I got caught up on my grading and students continued to turn in revised drafts of summaries and to improve their narratives.

In the middle of last week, E came in with another draft (her third or fourth at this point). It was fantastic. She had "Exceeded Expectations" and earned an A on that assignment. She expressed satisfaction not only at the increase in the grade-book grade she would receive, but at the work she had put in(!!!), at the way her brain hurt(!!!).

At the same time, growth mindset is being reinforced in their math class and in AVID (possibly in other places, as well, but I've talked to the teacher of those classes about it specifically).

Students are being taught to help one another with questions in math, rather than by giving the answer. I saw this spill over onto the feedback they gave one another about their narratives: "How might you add more imagery here?" "How could you make the conflict clearer?" scrawled on the side without ANY prompting by me!

And I've heard stories of students helping one another understand imagery in AVID: "How could you show you feel cold without using the word 'feel'?" It's brilliant! And their narratives are getting better!

Next Steps
All this has left me optimistic that mastery grading can work, even within the marking-period system. But cautiously so. For there are still a lot of questions and uncertainties.

This weekend, I'm working on charting out how student learning outcomes progress and build on one another over the year. I'm writing rubrics, some of which I've been able to break down by semester targets (e.g., these pieces are not expected until the second semester, these are expectations in the first).

I'm stuck, though, with how to treat marking period grades. Mastery grading is supposed to tie grading to an assessment of where a student is on the road to proficiency. It's supposed to make that journey more transparent and understandable. But if that's the case then students cannot be expected to get As in the first six weeks of school. They are still developing at that point. Nor can they be expected to grow at a steady or one-size-fits-all rate. Learning happens differently for everyone, and for many it happens in fits and starts.

One of the important ideas behind a mastery grading system is that I am measuring what I say I'm measuring. If I say I'm measuring mastery, I can't base grades on whether students are using good work habits (i.e., moving consistently and steadily towards mastery at a pre-determined rate).

But students and parents are used to grades being tied to other things: completion, attendance . . . sometimes it feels like, self-worth. And so for a hardworking student who is on track to mastery to come home with a C is devastating. And probably confusing.

Another problem is averages. Averages are great for determining the rate of steady climbs (or descensions). They are not great for assessing mastery when there has been a big jump at the end or when students produce inconsistent bi-modally distributed work (sometimes awesome, sometimes terrible). What am I really measuring with an averaged score in those cases?

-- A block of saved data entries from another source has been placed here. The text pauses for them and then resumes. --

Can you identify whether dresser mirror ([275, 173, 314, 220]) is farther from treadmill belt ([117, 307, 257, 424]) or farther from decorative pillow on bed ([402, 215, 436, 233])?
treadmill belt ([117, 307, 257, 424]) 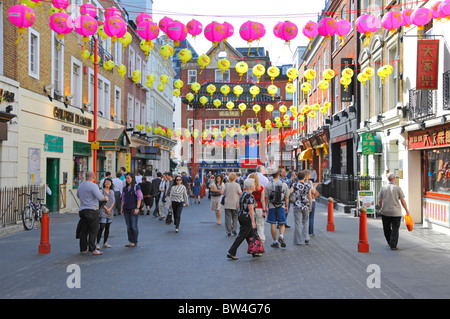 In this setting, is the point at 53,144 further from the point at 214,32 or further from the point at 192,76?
the point at 192,76

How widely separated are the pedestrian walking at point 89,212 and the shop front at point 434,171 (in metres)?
9.16

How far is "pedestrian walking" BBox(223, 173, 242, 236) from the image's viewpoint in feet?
39.7

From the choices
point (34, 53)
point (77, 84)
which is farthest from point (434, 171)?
point (77, 84)

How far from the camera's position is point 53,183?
18.7 metres

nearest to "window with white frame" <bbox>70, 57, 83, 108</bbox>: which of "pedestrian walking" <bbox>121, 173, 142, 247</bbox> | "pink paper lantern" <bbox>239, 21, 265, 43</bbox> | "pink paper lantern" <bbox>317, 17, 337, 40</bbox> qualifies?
"pink paper lantern" <bbox>239, 21, 265, 43</bbox>

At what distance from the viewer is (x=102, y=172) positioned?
2534cm

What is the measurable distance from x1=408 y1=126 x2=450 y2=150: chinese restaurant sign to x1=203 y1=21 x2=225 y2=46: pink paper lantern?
21.5 ft

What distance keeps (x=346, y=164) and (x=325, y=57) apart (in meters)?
8.91

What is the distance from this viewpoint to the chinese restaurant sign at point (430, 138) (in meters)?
12.5

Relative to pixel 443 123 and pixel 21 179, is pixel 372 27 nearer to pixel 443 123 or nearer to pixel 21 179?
pixel 443 123

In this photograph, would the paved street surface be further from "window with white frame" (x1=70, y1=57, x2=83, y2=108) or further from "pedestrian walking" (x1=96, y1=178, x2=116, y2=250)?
"window with white frame" (x1=70, y1=57, x2=83, y2=108)


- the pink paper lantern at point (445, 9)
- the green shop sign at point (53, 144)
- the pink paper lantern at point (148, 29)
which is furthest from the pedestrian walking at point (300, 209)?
the green shop sign at point (53, 144)

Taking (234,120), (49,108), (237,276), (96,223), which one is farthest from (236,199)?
(234,120)

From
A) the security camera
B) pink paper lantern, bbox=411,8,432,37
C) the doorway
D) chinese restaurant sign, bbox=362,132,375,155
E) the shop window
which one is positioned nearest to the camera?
pink paper lantern, bbox=411,8,432,37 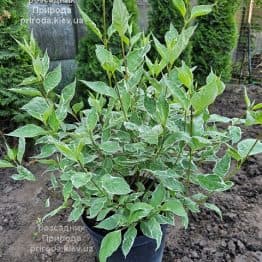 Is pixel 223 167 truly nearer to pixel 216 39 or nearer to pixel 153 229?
pixel 153 229

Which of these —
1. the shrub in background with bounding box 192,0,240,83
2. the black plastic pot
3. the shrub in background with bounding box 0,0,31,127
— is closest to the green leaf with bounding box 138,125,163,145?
the black plastic pot

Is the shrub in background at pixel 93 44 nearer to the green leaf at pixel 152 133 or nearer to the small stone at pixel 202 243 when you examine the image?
the small stone at pixel 202 243

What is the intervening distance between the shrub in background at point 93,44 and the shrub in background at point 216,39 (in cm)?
89

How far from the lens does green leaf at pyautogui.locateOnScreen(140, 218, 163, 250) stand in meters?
1.15

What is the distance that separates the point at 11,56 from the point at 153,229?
67.3 inches

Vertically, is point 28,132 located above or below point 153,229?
above

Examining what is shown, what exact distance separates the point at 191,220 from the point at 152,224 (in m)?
0.87

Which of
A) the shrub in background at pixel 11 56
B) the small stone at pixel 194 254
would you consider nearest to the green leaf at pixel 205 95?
the small stone at pixel 194 254

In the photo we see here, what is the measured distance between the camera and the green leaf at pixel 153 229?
1.15m

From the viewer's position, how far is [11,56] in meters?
2.40

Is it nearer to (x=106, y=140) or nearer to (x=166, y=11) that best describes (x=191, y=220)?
(x=106, y=140)

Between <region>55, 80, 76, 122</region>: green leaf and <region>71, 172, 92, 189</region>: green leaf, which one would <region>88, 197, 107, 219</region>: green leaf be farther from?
<region>55, 80, 76, 122</region>: green leaf

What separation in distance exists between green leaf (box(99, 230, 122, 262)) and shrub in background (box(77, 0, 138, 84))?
174cm

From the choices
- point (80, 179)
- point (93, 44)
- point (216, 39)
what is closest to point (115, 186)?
point (80, 179)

So, I'm working these things out. Or trying to. And I'm happy with the work I'm put in and with home much my brain works. Your thoughts are welcome, desired, NEEDED.



*I'm still working on a definition for this, but, basically, one of my concerns last year was that the mastery targets I articulated were not equal in the level of learning they assessed. That is, some focused on a product outcome, some were more closely tied to a way of thinking, some were steps toward completion of a product, etc.